Task input:
·····
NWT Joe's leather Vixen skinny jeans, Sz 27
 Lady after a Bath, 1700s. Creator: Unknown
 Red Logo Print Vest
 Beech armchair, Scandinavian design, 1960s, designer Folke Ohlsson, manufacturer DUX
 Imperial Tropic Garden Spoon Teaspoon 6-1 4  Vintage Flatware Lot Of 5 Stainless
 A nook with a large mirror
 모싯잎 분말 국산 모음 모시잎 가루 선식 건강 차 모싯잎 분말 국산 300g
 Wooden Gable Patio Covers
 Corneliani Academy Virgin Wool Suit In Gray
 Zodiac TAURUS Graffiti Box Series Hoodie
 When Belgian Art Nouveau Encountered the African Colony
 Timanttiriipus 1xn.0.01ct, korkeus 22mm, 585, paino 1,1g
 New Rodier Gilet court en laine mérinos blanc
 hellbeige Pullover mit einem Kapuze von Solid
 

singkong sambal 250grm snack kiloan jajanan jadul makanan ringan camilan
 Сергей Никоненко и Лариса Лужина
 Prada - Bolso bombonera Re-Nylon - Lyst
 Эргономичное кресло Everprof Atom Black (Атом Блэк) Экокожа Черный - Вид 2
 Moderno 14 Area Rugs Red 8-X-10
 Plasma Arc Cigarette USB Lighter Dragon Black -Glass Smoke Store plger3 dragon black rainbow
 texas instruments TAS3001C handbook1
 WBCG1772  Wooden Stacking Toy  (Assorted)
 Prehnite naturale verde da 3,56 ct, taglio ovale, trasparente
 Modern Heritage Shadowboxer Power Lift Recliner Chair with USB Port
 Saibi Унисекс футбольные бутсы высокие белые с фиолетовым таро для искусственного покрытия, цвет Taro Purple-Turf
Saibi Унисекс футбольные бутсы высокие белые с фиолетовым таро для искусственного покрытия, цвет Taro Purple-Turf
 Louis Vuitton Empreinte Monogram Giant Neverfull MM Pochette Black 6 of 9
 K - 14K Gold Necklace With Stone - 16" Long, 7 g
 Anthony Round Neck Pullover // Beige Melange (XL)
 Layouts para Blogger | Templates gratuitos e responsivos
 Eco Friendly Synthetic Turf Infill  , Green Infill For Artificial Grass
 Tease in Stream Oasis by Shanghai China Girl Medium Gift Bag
·····
Task to carry out:
The answer must be the full listing, repeated word for word.

Answer box:
NWT Joe's leather Vixen skinny jeans, Sz 27
 Lady after a Bath, 1700s. Creator: Unknown
 Red Logo Print Vest
 Beech armchair, Scandinavian design, 1960s, designer Folke Ohlsson, manufacturer DUX
 Imperial Tropic Garden Spoon Teaspoon 6-1 4  Vintage Flatware Lot Of 5 Stainless
 A nook with a large mirror
 모싯잎 분말 국산 모음 모시잎 가루 선식 건강 차 모싯잎 분말 국산 300g
 Wooden Gable Patio Covers
 Corneliani Academy Virgin Wool Suit In Gray
 Zodiac TAURUS Graffiti Box Series Hoodie
 When Belgian Art Nouveau Encountered the African Colony
 Timanttiriipus 1xn.0.01ct, korkeus 22mm, 585, paino 1,1g
 New Rodier Gilet court en laine mérinos blanc
 hellbeige Pullover mit einem Kapuze von Solid
 

singkong sambal 250grm snack kiloan jajanan jadul makanan ringan camilan
 Сергей Никоненко и Лариса Лужина
 Prada - Bolso bombonera Re-Nylon - Lyst
 Эргономичное кресло Everprof Atom Black (Атом Блэк) Экокожа Черный - Вид 2
 Moderno 14 Area Rugs Red 8-X-10
 Plasma Arc Cigarette USB Lighter Dragon Black -Glass Smoke Store plger3 dragon black rainbow
 texas instruments TAS3001C handbook1
 WBCG1772  Wooden Stacking Toy  (Assorted)
 Prehnite naturale verde da 3,56 ct, taglio ovale, trasparente
 Modern Heritage Shadowboxer Power Lift Recliner Chair with USB Port
 Saibi Унисекс футбольные бутсы высокие белые с фиолетовым таро для искусственного покрытия, цвет Taro Purple-Turf
Saibi Унисекс футбольные бутсы высокие белые с фиолетовым таро для искусственного покрытия, цвет Taro Purple-Turf
 Louis Vuitton Empreinte Monogram Giant Neverfull MM Pochette Black 6 of 9
 K - 14K Gold Necklace With Stone - 16" Long, 7 g
 Anthony Round Neck Pullover // Beige Melange (XL)
 Layouts para Blogger | Templates gratuitos e responsivos
 Eco Friendly Synthetic Turf Infill  , Green Infill For Artificial Grass
 Tease in Stream Oasis by Shanghai China Girl Medium Gift Bag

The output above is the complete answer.